В лицее я был весьма успешным учеником; в частности, я обладал удивительной памятью… И вот меня стали мучить угрызения совести, наступил момент юношеского раскаяния в духе Рембо… Под воздействием патафизики я должен был осуществить sacrificio del intelletto[37]… Возможно, я сделал бы это в любом случае, но следует признать, что влияние своего рода наркотика патафизики было поразительным… Оно сразу же вызвало во мне очень глубокие изменения культурного плана…

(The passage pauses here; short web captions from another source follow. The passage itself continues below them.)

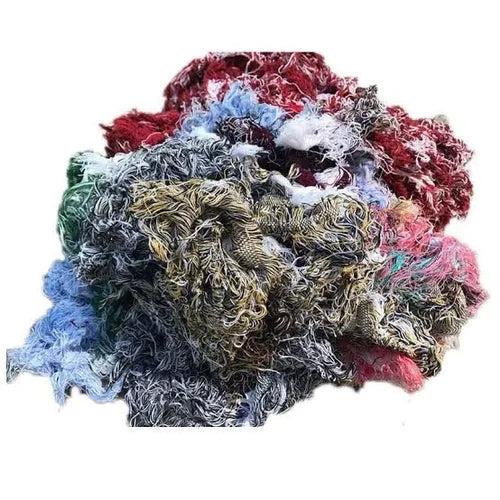 Cotton Waste Mixed Colour 10KG
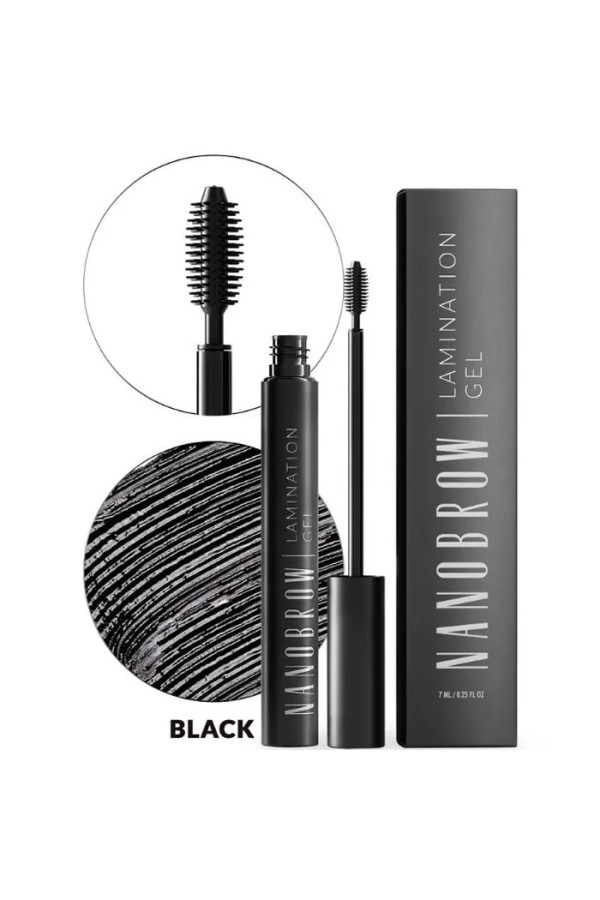 Nanobrow Lamination Gel Black 7ml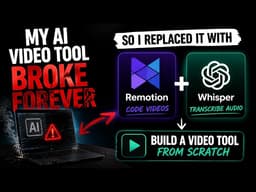 My AI Video Tool Broke Forever, So I Replaced It With Remotion + Whisper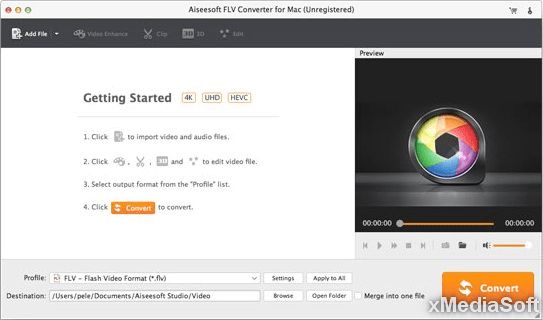 Aiseesoft FLV Video Converter for Mac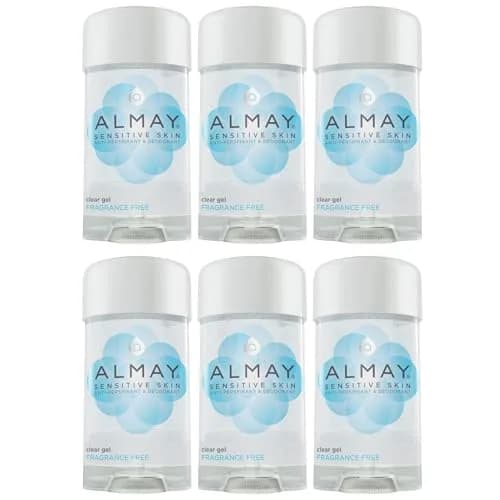 Almay Sensitive Skin Clear Gel Antiperspirant Deodorant Fragrance-Free 2.25 oz (6 oz Pack) | Dermatologist Tested for Sensitive Skin thumbnail 1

Меня захватила идея начать с нуля, освободиться от мешавшего мне интеллектуального мусора. За время учебы в средней школе я самым примитивным образом впитал в себя множество знаний, которыми, между прочим, бессовестно пользовался в университете, где, практически не занимаясь, без особого труда переходил с курса на курс… Но перелом уже случился! В итоге, моими первыми опубликованными работами стали не эссе, а тексты, которые трудно отнести к какому-либо жанру. Хотя не исключено, что это тексты поэтические. Они составили сборник «Гипсовый ангел»… Все написанное ранее я уничтожил… Мое первое отношение к языку, таким образом, было не столько рациональным, сколько глубоко личностным, пронизанным поэзией…
И вы некоторым образом его восстанавливаете…

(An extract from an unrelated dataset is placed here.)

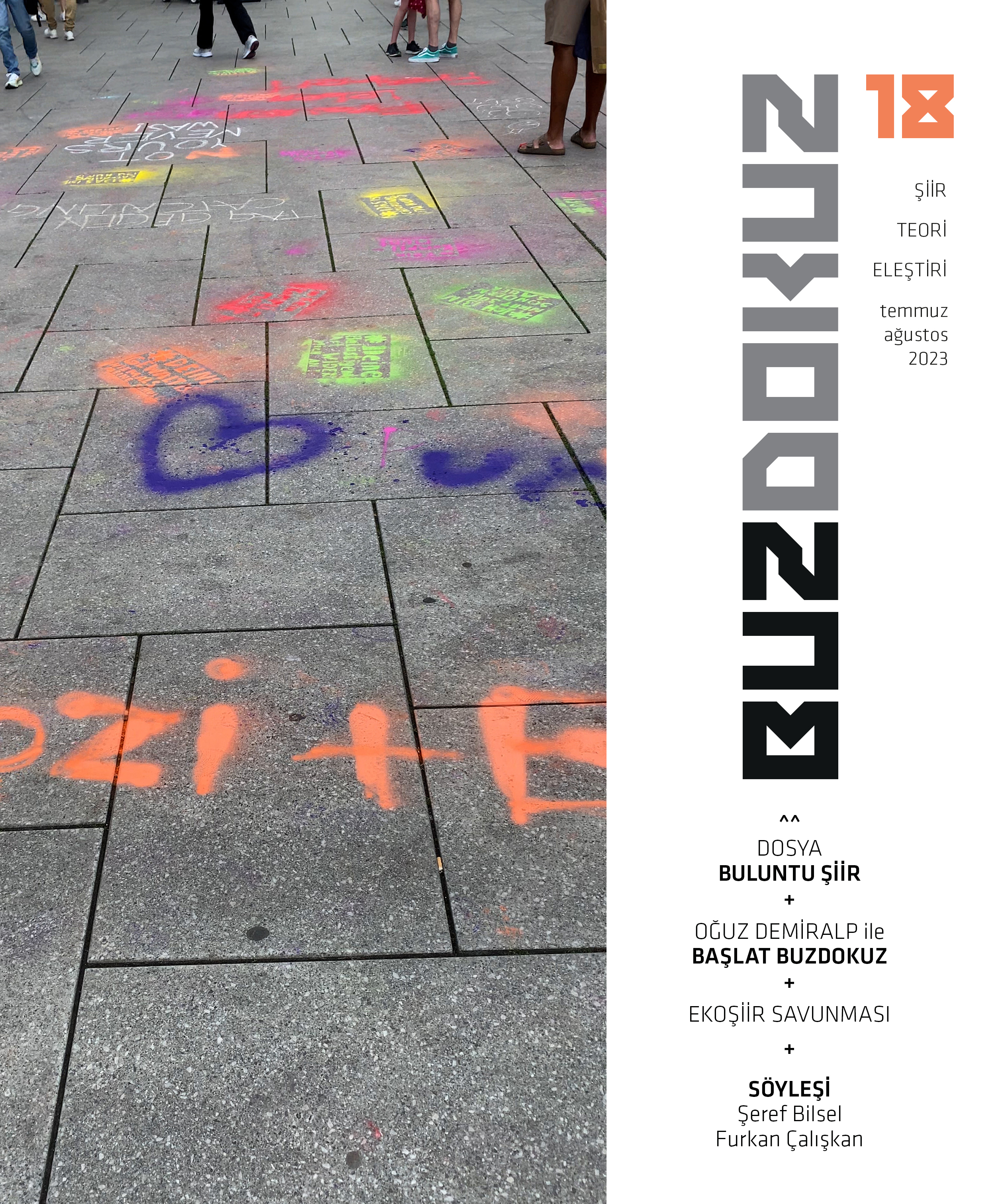 Buzdokuz Şiir Teori Eleştiri Dergisinin 18. Sayısı Çıktı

Да, сегодня у меня есть желание, к примеру, откорректировать сделанные мной ранее переводы Гёльдерлина, а также Ницше и даже вернуться к патафизи-ке, потребность в которой в настоящее время возникает в определенном аналитическом контексте— в связи с попытками теоретического осмысления феномена интегральной реальности, феномена современной реализации мира, осуществляемой посредством всего многообразия наших технических систем… Сформировавшись, такого рода реальность представляет собой истинное воплощение гротеска! И единственное, что в конечном счете находится в соответствии с данным феноменом, — это именно патафизика, взятая в ее принципиальной неоднозначности: с одной стороны, будучи имманентной распространившейся интегрально-сти, она не является ее критикой, она выступает ее специфическим, имеющим статус науки наук продолжением, но, с другой — в ней все же есть что-то от монстра. В патафизике необходимо видеть сразу и науку о воображаемых решениях, и миф о них. Более того, она сама должна рассматриваться как воображаемое решение в этой ситуации финального решения, которая конституируется нынешним положением дел.

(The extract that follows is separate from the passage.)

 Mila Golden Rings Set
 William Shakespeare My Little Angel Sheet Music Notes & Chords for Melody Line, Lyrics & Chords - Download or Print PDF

Данный поворот к патафизике вовсе не результат размышлений и сознательного выбора, он происходит исключительно в воображении и означает трансформацию восприятия происходящего. И я не буду обосновывать его необходимость, ибо это противоречило бы сути патафизики: оставаясь сама собой, она не может быть философией или метафизикой! Очевидно, что она всегда будет игрой и в то же время активно действующим началом. Я имел возможность высказаться по этому поводу в тексте, посвященном Арто[38] и патафизике, который я попытался выдержать в поэтико-метафорическом ключе. Мне было тогда около двадцати лет, и тема захватила меня полностью. Я сопоставил театр жестокости, жестокости кровавой, дикой, необузданной, и патафизику, которая является его абсолютным противовесом: в последней нет никакой примитивной сценичности, ничего грубого и беспощадного, она царствует в сфере виртуальной фантасмагории… Этот текст стал моим даром Эммануэлю П., человеку, история которого воссоздана в романе Анри Тома[39] «Украденное время года», аллюзии на книгу Рембо[40] (П. располагал ее первым изданием).
В сущности, патафизика тогда была для меня некой эзотерической сферой… Но сегодня, погрузившись в эту интегральную реальность, в этот особый интегризм реальности, реального и рационального, мы живем в мире, который, сам того не ведая, оказался полностью патафизическим!
Гротескным помимо своей воли!
Однако слишком жестко привязывать патафизику к наличной ситуации — значит допускать ошибку. Мы должны сохранить ее как нечто экстравагантное, как своего рода радикально внешнюю гипотезу… Она должна остаться исключительно полезным средством описания нашего загроможденного, наполненного до отказа мира, пресыщенного подобно королю Убю,[41] являющемуся символом наглой, самодовольной жестокости. А разве эта жестокость не характерна для современности?